Comparison of the effects of transdermal and oral rivastigmine on cognitive function and EEG markers in patients with Alzheimer's disease

Davide V Moretti; Giovanni B Frisoni; Giuliano Binetti; Orazio Zanetti

doi:10.3389/fnagi.2014.00179

Comparison of the effects of transdermal and oral rivastigmine on cognitive function and EEG markers in patients with Alzheimer's disease

Front Aging Neurosci. 2014 Jul 23:6:179. doi: 10.3389/fnagi.2014.00179. eCollection 2014.

Authors

Davide V Moretti¹, Giovanni B Frisoni¹, Giuliano Binetti¹, Orazio Zanetti¹

Affiliation

¹ Scientific Institute for Research and Care of Alzheimer's and Psychiatric Diseases, San Giovanni Di Dio Fatebenefratelli Brescia, Italy.

Abstract

Background: Alzheimer's disease (AD) is the most common cause of dementia in older patients. Rivastigmine (RV, Exelon, Novartis), a reversible cholinesterase inhibitor, improves clinical manifestations of AD and may enhance ACh-modulated electroencephalogram (EEG) alpha frequency. This pilot study aimed to determine the effects of two formulations of RV [transdermal patch (RV-TDP) and oral capsules (TV-CP)] on alpha frequency, in particular the posterior dominant rhythm, and cognitive function [assessed by the Mini-Mental State Examination (MMSE)] in patients with AD.

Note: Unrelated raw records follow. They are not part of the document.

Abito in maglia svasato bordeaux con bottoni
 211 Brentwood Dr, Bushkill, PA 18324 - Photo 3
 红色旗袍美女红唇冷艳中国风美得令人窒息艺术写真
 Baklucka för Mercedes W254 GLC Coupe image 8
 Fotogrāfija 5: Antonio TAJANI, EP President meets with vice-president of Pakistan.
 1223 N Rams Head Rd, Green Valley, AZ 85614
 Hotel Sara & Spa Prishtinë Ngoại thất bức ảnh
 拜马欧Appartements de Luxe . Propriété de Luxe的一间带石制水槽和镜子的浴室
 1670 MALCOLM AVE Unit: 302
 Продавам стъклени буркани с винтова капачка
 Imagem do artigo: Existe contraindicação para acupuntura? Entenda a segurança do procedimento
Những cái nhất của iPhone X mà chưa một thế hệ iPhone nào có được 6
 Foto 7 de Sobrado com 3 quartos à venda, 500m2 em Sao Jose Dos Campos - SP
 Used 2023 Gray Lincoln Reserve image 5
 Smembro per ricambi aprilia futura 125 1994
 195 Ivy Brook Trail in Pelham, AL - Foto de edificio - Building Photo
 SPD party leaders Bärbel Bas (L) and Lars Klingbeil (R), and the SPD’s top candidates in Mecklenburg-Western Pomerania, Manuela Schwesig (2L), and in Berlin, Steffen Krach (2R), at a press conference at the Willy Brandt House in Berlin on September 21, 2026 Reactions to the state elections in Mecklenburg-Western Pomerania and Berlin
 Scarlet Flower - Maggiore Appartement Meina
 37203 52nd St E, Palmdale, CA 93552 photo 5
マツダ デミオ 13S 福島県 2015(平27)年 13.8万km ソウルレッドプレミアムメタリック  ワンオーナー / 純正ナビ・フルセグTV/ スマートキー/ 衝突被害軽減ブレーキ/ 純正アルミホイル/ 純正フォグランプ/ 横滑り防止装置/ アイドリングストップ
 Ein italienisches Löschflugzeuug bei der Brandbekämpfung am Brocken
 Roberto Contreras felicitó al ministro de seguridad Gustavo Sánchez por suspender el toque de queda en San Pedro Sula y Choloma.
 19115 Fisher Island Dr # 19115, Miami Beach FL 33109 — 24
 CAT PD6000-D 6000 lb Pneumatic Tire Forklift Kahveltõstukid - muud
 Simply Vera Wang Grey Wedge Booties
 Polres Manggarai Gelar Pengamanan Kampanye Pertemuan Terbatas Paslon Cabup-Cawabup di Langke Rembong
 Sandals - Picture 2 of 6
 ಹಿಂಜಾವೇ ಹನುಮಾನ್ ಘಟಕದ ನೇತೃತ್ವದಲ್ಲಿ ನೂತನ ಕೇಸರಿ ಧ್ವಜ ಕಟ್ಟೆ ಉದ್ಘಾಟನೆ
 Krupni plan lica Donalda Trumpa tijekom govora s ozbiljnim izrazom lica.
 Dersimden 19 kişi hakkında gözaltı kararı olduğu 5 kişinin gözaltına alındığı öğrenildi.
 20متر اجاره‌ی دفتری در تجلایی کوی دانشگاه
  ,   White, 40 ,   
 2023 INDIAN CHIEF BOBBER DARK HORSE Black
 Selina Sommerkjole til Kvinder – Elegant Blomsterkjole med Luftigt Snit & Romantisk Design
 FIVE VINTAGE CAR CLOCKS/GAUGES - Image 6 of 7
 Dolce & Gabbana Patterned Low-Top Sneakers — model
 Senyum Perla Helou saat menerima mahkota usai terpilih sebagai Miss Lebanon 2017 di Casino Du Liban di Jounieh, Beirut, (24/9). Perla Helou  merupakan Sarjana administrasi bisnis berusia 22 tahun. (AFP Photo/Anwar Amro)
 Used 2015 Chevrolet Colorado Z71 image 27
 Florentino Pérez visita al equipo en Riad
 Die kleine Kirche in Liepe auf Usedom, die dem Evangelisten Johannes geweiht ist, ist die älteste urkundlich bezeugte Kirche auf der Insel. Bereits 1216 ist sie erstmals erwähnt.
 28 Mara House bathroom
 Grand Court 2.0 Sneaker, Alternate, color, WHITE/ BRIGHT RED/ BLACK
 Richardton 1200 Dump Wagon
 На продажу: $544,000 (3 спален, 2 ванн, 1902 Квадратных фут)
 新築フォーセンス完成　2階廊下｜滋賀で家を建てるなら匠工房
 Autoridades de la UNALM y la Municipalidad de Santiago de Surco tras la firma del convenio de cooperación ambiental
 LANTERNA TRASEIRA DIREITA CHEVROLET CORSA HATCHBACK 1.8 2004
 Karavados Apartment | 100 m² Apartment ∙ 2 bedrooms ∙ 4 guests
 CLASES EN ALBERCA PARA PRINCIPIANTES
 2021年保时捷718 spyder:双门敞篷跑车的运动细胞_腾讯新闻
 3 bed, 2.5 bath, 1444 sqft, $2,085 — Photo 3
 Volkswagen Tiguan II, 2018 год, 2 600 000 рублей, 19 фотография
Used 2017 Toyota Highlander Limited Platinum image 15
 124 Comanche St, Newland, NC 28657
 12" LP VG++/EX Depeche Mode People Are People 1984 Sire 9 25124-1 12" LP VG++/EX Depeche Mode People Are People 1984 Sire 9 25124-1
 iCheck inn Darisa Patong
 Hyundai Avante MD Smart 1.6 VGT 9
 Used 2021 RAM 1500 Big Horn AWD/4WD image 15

Methods: Subjects with AD were assigned to receive either RV-TDP 10 cm(2) or RV-CP 12 mg/day. All patients underwent EEG recordings at the beginning and end of the 18-month study period using P3, P4, O1, and O2 electrodes, each at high (10.5-13.0 Hz) and low (8.0-10.5 Hz) frequency. MMSE scores were determined at the start of the study (T0) and at three successive 6-month intervals (T1, T2, and T3).

Results: RV-TDP administration (n = 10) maintained cognitive function as evidenced by stable MMSE scores from baseline to 18 months (21.07 ± 2.4-21.2 ± 3.1) compared with a decrease in MMSE score with RV-CP (n = 10) over 18 months [18.3 ± 3.6-13.6 ± 5.06 (adjusted for covariates p = 0.006)]. MMSE scores were significantly different between treatment groups from 6 months (p = 0.04). RV-TDP also increased the spectral power of alpha waves in the posterior region measured with electrode P3 in a significantly great percentage of patients than TV-CP from baseline to 18 months; 80% vs 30%, respectively [p = 0.025 (χ (2) test)].

Conclusions: RV-TDP was associated with a greater proportion of patients with increased posterior region alpha wave spectral power and significantly higher cognitive function at 18 months, compared with RV-CP treatment. Our findings suggest that RV-TDP provides an effective long-term management option in patients with AD compared with oral RV-CP. This study is a pilot, open-label study with a clear explorative purpose and with a small number of patients. Further randomized, double-blind, placebo-controlled trial studies with a bigger sample size as well as healthy controls are needed to support these initial results.

Keywords: Alzheimer’s disease; EEG; cognitive function; dementia; transdermal rivastigmine oral rivastigmine.